After tearing it apart I found rust in the carb & gas tank. Cleaned the rust out of both, cleaned the carb, replaced the oil and spark plug. 

Unfortunately, I have had no success in getting it to fire up. 

I've since replaced the carburetor, drained the gas tank & filled it with trufuel 4 cycle gas. 

Still no luck. 

Any suggestions on what else I might be missing to get it to start up? 

Thanks,
Jon


----------



## whimsey29 (Jul 9, 2016)

chives3300 said:


> Hi All,
> 
> Looking for your help. Recently purchased a used 24" Craftsman, Model # 247.881731.
> After tearing it apart I found rust in the carb & gas tank. Cleaned the rust out of both, cleaned the carb, replaced the oil and spark plug.
> ...


Do you have spark?


----------



## chives3300 (Dec 9, 2020)

whimsey29 said:


> Do you have spark?


I checked before I tore everything apart the first time and I did - I will recheck though and report back.


----------



## orangputeh (Nov 24, 2016)

if you have spark, do you have fuel delivery to carb?


----------



## chives3300 (Dec 9, 2020)

Reporting back -

@whimsey29 thanks for the suggestion. potential spark problem. Pulled the plug and grounded it and wasn't seeing any spark when cranking over. Will try to replace the ignition coil and let you know how it goes.

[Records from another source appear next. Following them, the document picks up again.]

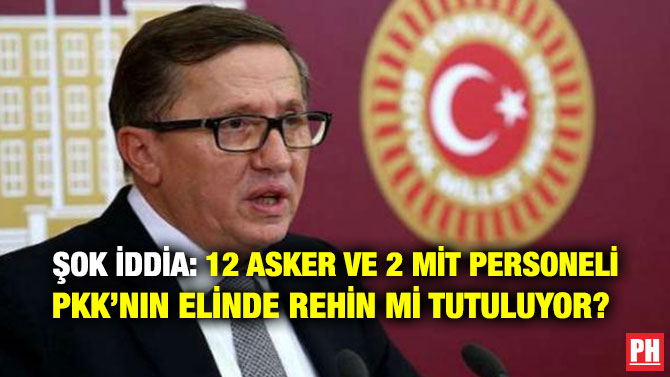 ŞOK İDDİA: 12 ASKER VE 2 MİT PERSONELİ PKK’NIN ELİNDE REHİN Mİ TUTULUYOR?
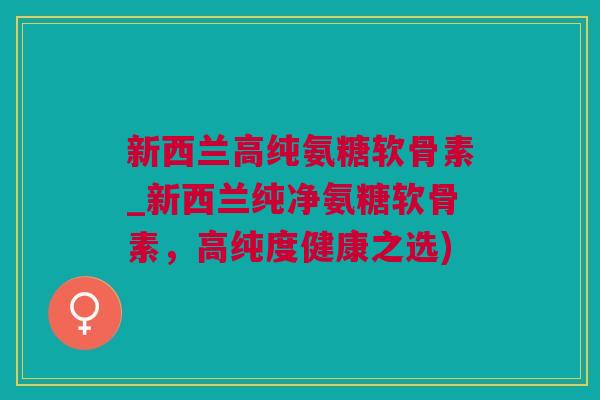新西兰高纯氨糖软骨素_新西兰纯净氨糖软骨素，高纯度健康之选)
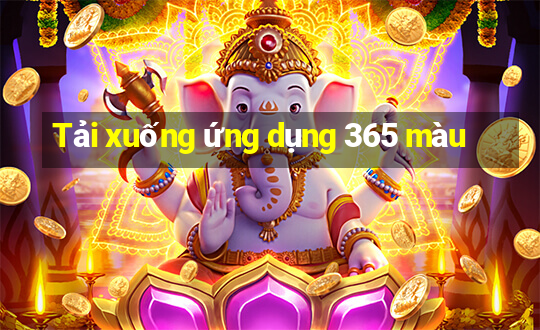 Tải xuống ứng dụng 365 màu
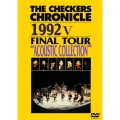 THE CHECKERS CHRONICLE 1992 V FINAL TOUR "ACOUSTIC COLLECTION"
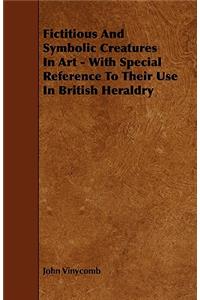 Fictitious And Symbolic Creatures In Art - With Special Reference To Their Use In British Heraldry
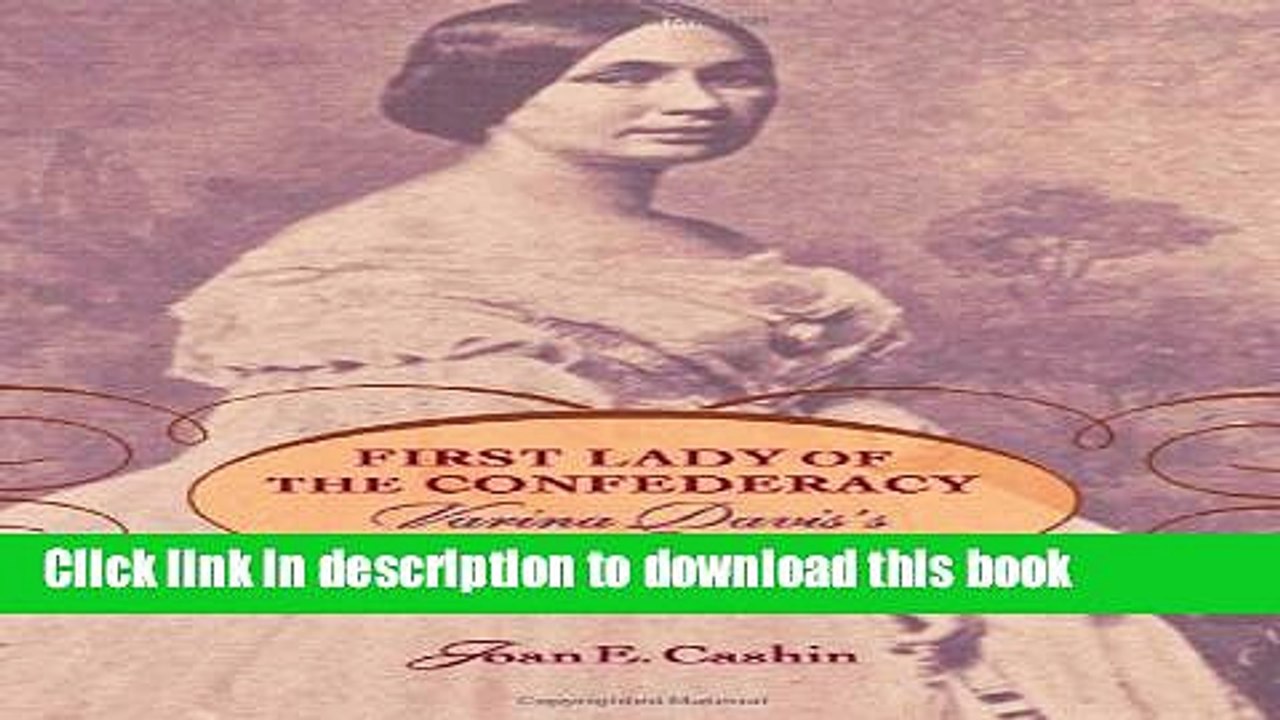 Download First Lady of the Confederacy: Varina Davis s Civil War PDF Free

@orangputeh yes for sure have fuel delivery to carb. When I removed the back cover gas poured out from obviously trying to crank over far too long


----------



## orangputeh (Nov 24, 2016)

chives3300 said:


> Reporting back -
> 
> @whimsey29 thanks for the suggestion. potential spark problem. Pulled the plug and grounded it and wasn't seeing any spark when cranking over. Will try to replace the ignition coil and let you know how it goes.
> 
> @orangputeh yes for sure have fuel delivery to carb. When I removed the back cover gas poured out from obviously trying to crank over far too long


would try a new plug first .


----------



## Pauleastend63 (Nov 23, 2020)

chives3300 said:


> Reporting back -
> 
> @whimsey29 thanks for the suggestion. potential spark problem. Pulled the plug and grounded it and wasn't seeing any spark when cranking over. Will try to replace the ignition coil and let you know how it goes.
> 
> @orangputeh yes for sure have fuel delivery to carb. When I removed the back cover gas poured out from obviously trying to crank over far too long


There should be 2 wires under the metal shield that covers the carb.....one going to the off/on key/switch.....the other going to the throttle control......if either of these wires is grounding out the coil.....no spark.


----------



## dman2 (Sep 22, 2019)

Yep. He might have forgot to insert the key.

If you get spark, spray starting fluid into the spark plug hole and intake. If it starts up for a second, then replace the carb. Most people can't clean it right.


----------



## chives3300 (Dec 9, 2020)

Think it had to be something with the ignition coil... ended up ordering a new coil weeks ago when i bought the snow blower since the plastic inside the original coil was cracked. Didn't replace it initially as I was planning to do it next year. 

Replaced it and it fired up on the first pull. So guessing either it was bad (will measure resistance later) or the air gap was off. 

Revs were searching for a bit... saw some white smoke that went away after a bit but I think we are officially in business! Thank you all! 

Will confirm once more tonight that it wasn't a fluke. 

Thanks again.


----------



## orangputeh (Nov 24, 2016)

deleted


----------